As we saw in the previous section, the permissibility of reading KS in front of a particular custom does not testify to the permissibility of that custom. After all, Rav Moshe Feinstein and the Arukh HaShulchan, who permitted saying KS in the presence of the uncovered hair of a married woman, certainly did not permit married women to go around with their hair uncovered. Therefore, it seems surprising that the MB does infer the ruling regarding wig-wearing in general from the laws of KS. The MB seems to think that since the covering is itself hair, there is no room for middle ground. If the wig is considered "hair," then of course it is the hair of the one who is wearing it and there is no room to permit saying KS. If on the other hand one may say KS while seeing a wig, this can only mean that it is not considered "hair" at all. If follows that this is a permissible hair covering in the first instance.

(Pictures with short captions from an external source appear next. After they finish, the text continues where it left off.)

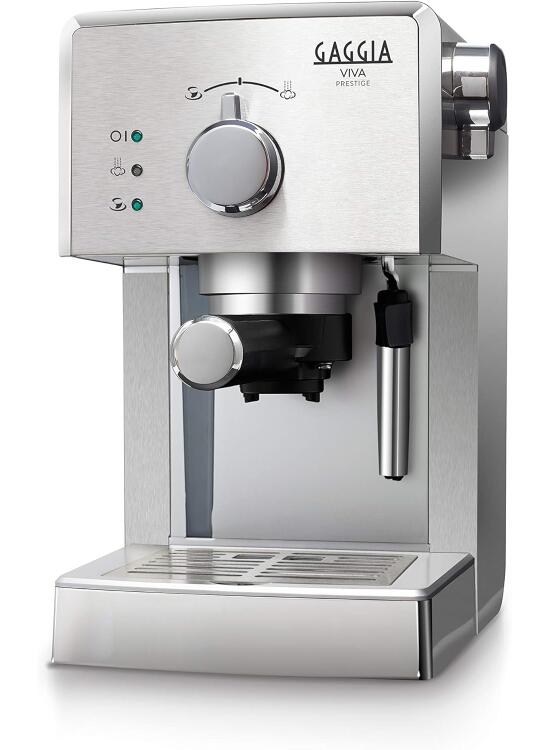 Cafetera Espresso Manual: Análisis y Características Clave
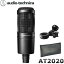 audio-technica ǥƥ˥ AT2020ǥ󥵡ޥʡڥܡϿ/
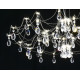 Подвесная люстра MyFar Ersilia MR2660-60P-50AD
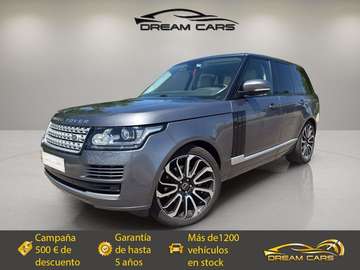 3.0TDV6 Vogue Aut.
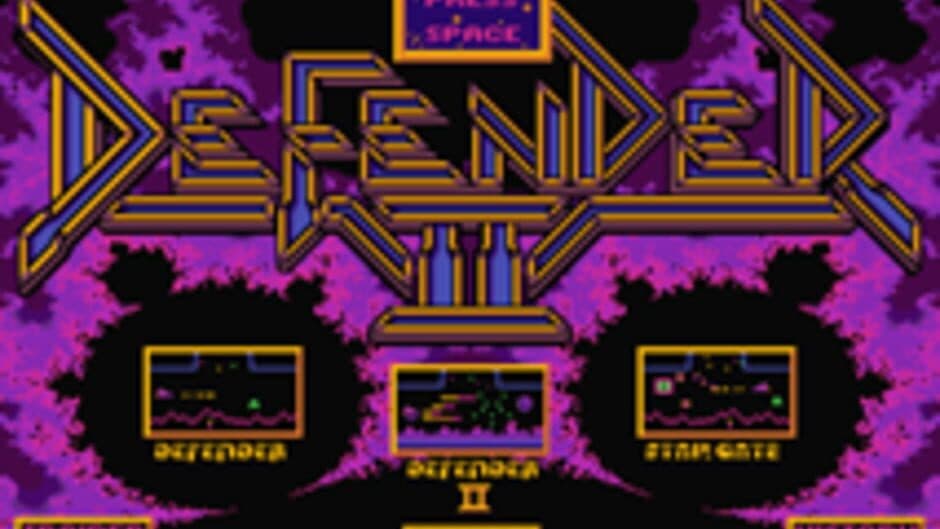 Defender II screenshot 2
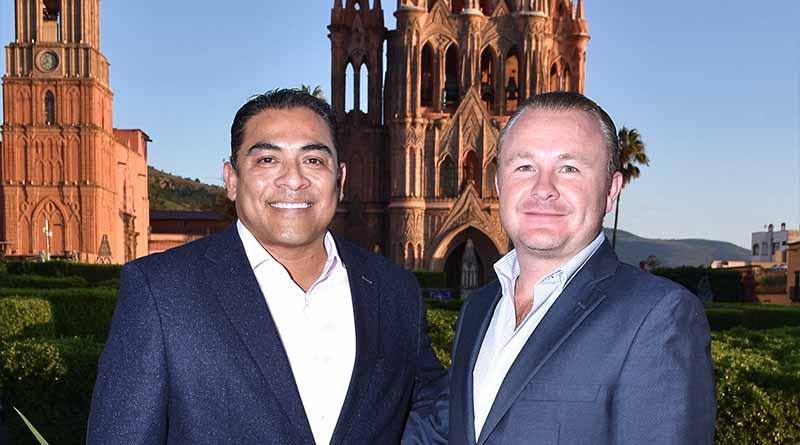 Estrechan lazos de amistad Los Cabos y San Miguel de Allende Guanajuato Estrechan lazos de amistad Los Cabos y San Miguel de Allende Guanajuato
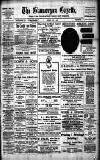 Glamorgan Gazette Friday 01 October 1909 Page 1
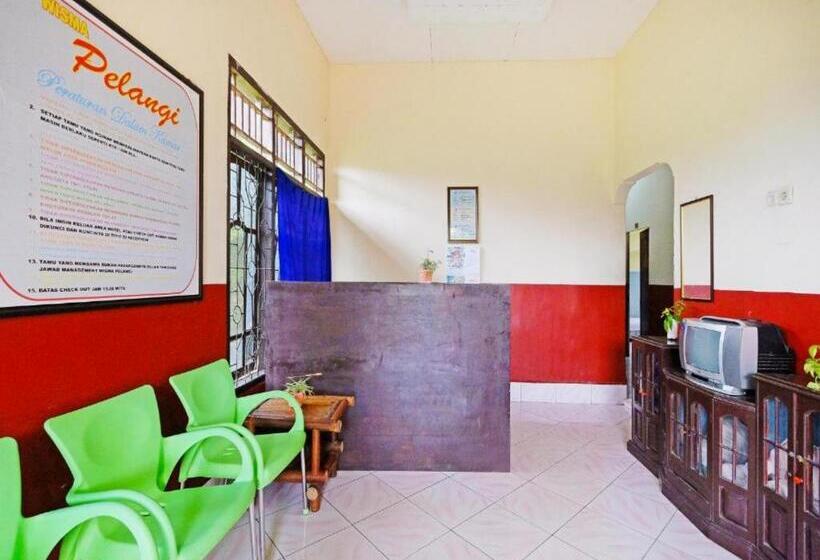 هتل Wisma Pelangi Palopo Redpartner
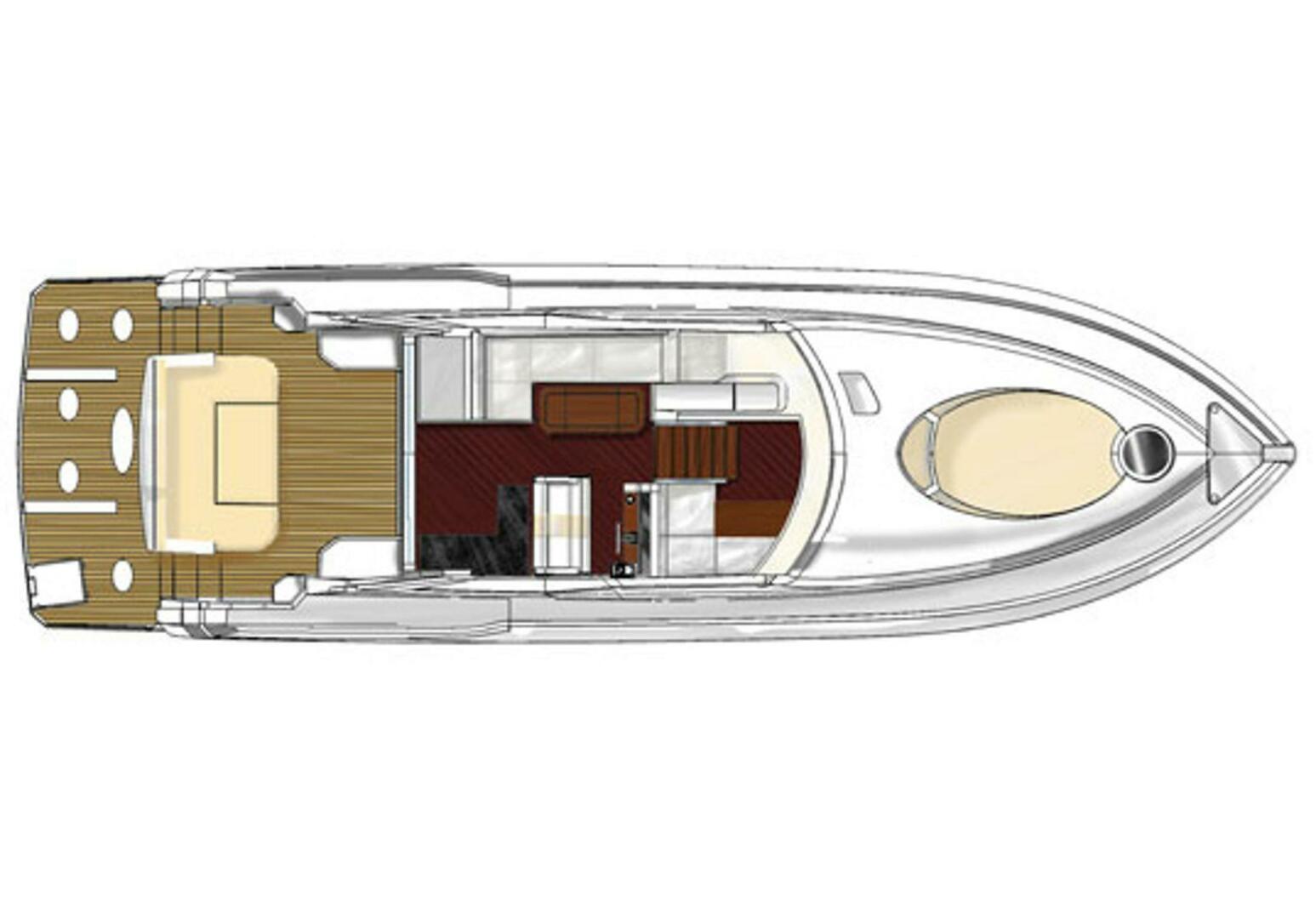 Slide: The Image of Cruisers Yachts 48 Cantius 2012 - 5001609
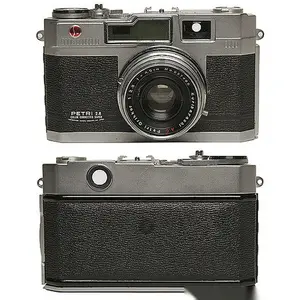 Petri 2.8 Color Corrected Super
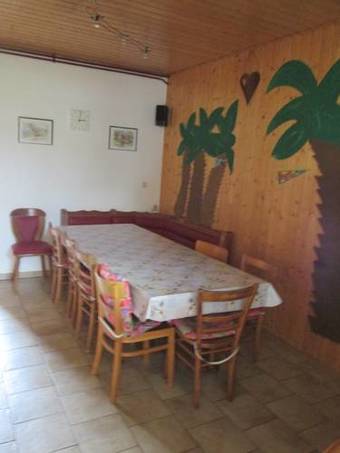 Hostal G�stehaus Zimmer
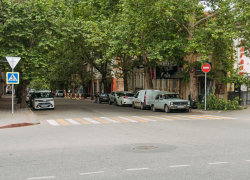 На двух загруженных улицах в Мелитополе ввели одностороннее движение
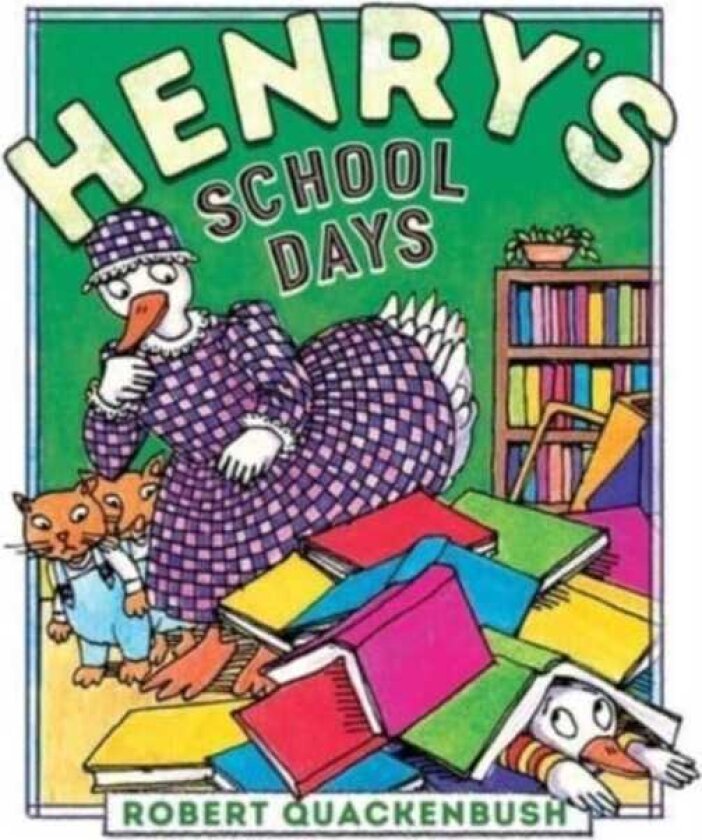 Henry's School Days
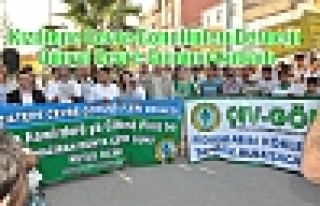 Kızıltepe Çevre Gönüllüleri Derneği 5 Haziran...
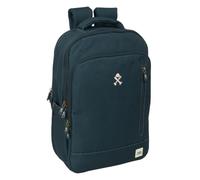 Sac à dos Safta HARPER & NEYER pour ordinateur portable 15,6 avec poche pour tablette et connecteur USB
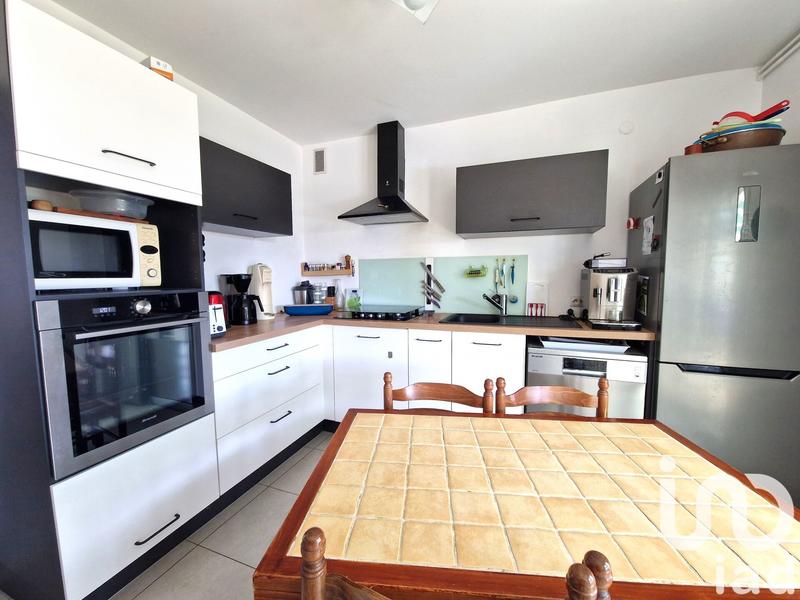 Maison - 123 m² - 5 pièces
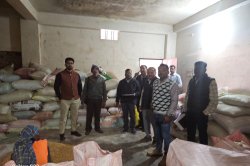 PDS fortified rice: फोर्टीफाइड चावल का अवैध रूप से किया गया था भंडारण, प्रशासनिक
टीम ने 3 दुकानें की सील - image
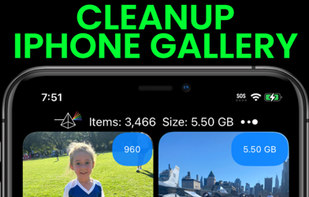 Storage cleaner Photonator AI screenshot 1
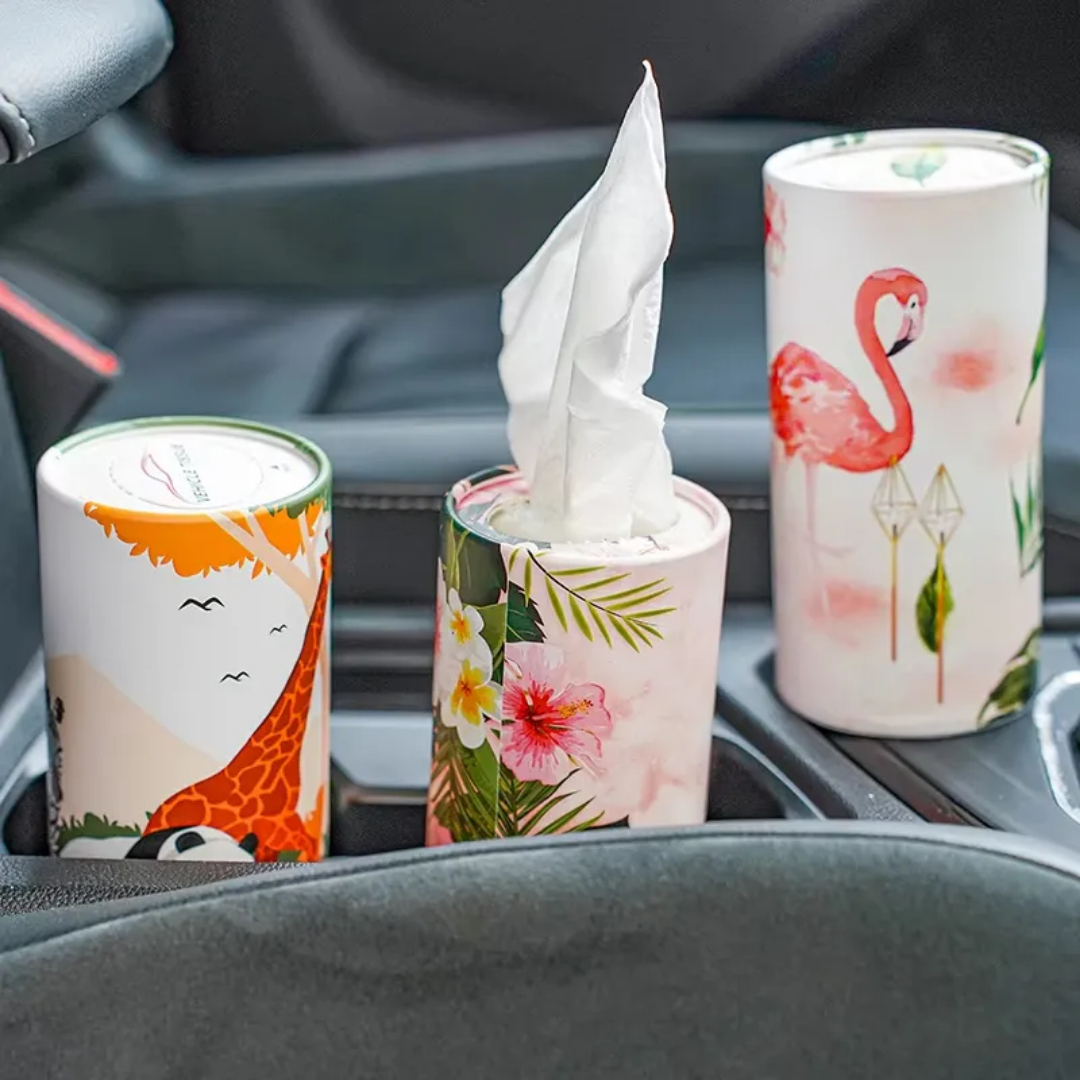 Vehicle tissue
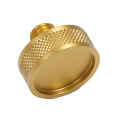 قطعات CNC پوشش فلزی OEM
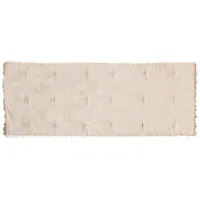Atmosphera Bodenkissen Atmosphera 60 x 180 cm Beige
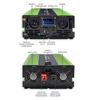 Inversor de Onda Sinusoidal Pura Monolith, 2000W, 4000W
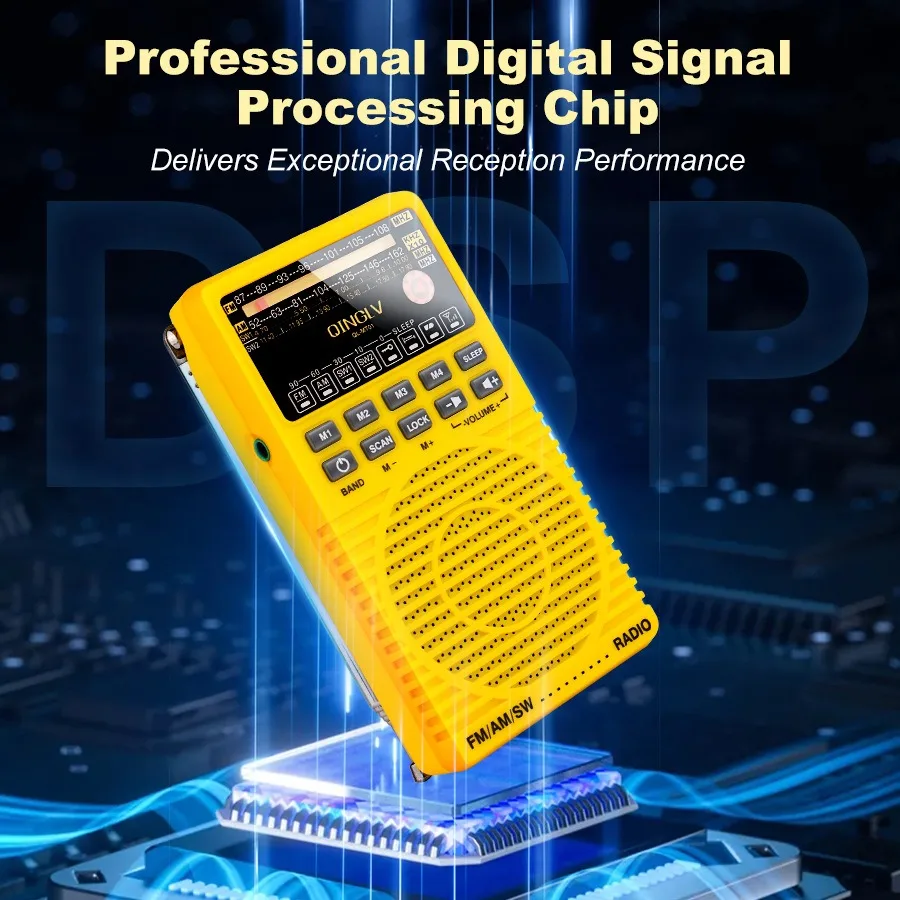 Mini Pocket Radios …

Married women are required to cover their hair, and the gemara (Ketubot 72a) explains that we learn this from the Torah. Most authorities accept the simple meaning of this gemara that hair covering is a Torah ordinance. The custom among Jewish ladies has always been that married ladies cover all their hair, even though they may not have seen a problem if a few hairs protruded, as we mentioned in the name of the Rashba.
Sadly, there was a significant weakening of this observance starting around a century ago, and even in Torah communities there were many married ladies who neglected covering their hair. Today the situation has improved and deteriorated: it has improved, in that the percentage of couples who are careful about this has greatly risen. It has deteriorated in the sense that among those who do cover their hair, a great many are very lenient in the amount they leave uncovered.
Some people have sought a source of leniency for bangs and pony tails in the very She'iltei Giborim which is the source of the Rema in our siman. The SG writes that hair is only forbidden "if it is attached to the skin, and in addition the skin is seen together with the hair," but not "hair which covers hair." The beginning of the phrase suggests that even protruding hair is permitted as long as the ENTIRE scalp is covered, whereas the end suggests that wigs are permissible only if they cover all the hair.
The first understanding would constitute a significant leniency, since the Rema's ruling on wigs per se is mainly based on the authority of the SG - see the Rema in the Darkhei Moshe on the Tur (OC 303). However, the Rema's understanding does seem to be according to the more stringent interpretation.